The short answer is that regardless of the change in your circumstances, you are still locked into a contract that is required to be completed.

It is therefore extremely important that when you purchase unregistered land you should be aware of all of the changes in circumstances that may occur while you are waiting for your land to register, such as:

  • Loss of job
  • Death of a party to the contract
  • Separation
  • The block of land losing value (worth less than what you are paying)

Unfortunately, none of these circumstances allow you to get out of the contract. You are still legally bound to complete your purchase.

What are the consequences if I then do not complete my purchase?

The consequences are quite severe and include:

  • You will be issued with a legal notice by the developer/vendor giving you a specific time in which you need to complete (settle) called a Notice to Complete.
  • If you then still do not settle, the developer/vendor can terminate the contract and claim the deposit that you paid when you first purchased the land.
  • On top of the loss of your deposit, the developer/vendor can commence legal action to recover any further losses they suffer.
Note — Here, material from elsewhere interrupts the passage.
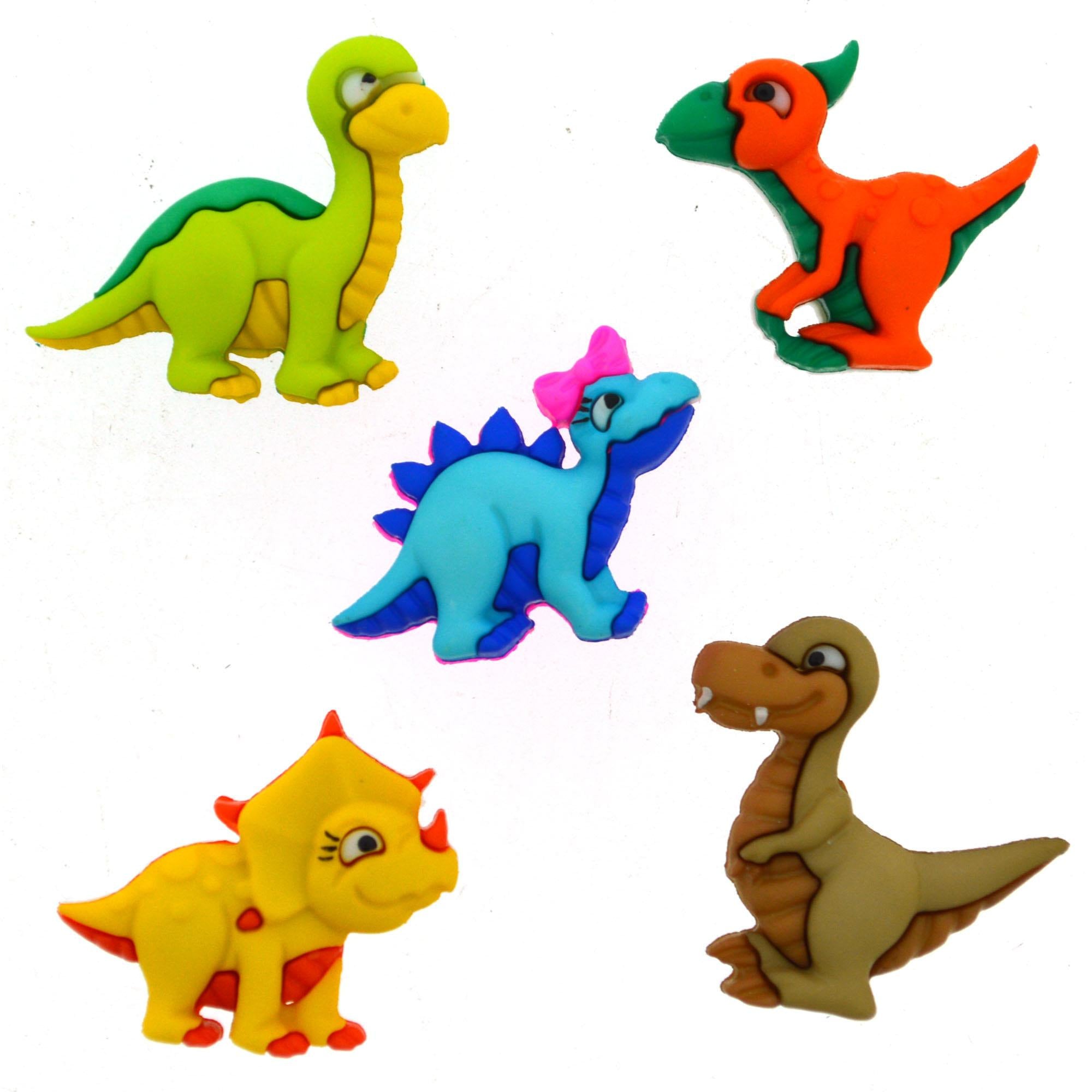 EDAGE Jurassic triceratops Dinosaur egg baby Resin model toy in stock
From this you can see how important it is to be sure of your decision and circumstances when you are considering purchasing unregistered land.

Purchasing unregistered land

So I asked my client, I said, “What did you discover having already bought unregistered land that you didn’t expect?” The response I received, which inspired me to write this blog was “they lie about registration”. This blogs not about how developers lie, but it is about what you as a purchaser of unregistered land need to consider even after you’re told the anticipated registration date. You need to be aware as a purchaser of unregistered land that while you are provided with an anticipated date for registration, this date is approximate only and subject to change. There are two things to consider, the process involved in registering land and the provisions in the Contract for Sale.The developer doesn’t have control over registration of the land because there are processes that need to be followed and third parties that are involved in these processes. Before land is ‘registered’ construction works need to be completed, council must approve the plan of subdivision and the plan of subdivision must be lodged to the Land and Property Information. In this process there are several parties involved, it is because of this that registering the plan of subdivision can take time. It is also because of this that exact time frames of when the land will register cannot be given.

Generally speaking in a Contract for Sale of unregistered land, there is a provision for what’s called a ‘sunset date’. This is the latest date that the developer has to have the land registered by. It’s your worst-case scenario. This date is important to consider because as a worst-case scenario you could be waiting until then. It’s only until this date is exceeded that you have any options. In most cases, if the sunset date is exceeded, you have the option to elect to no longer proceed with the purchase.

So it’s risky business purchasing unregistered land but that doesn’t mean you shouldn’t, now though, you are more prepared and can enter these sorts of transactions with a better understanding.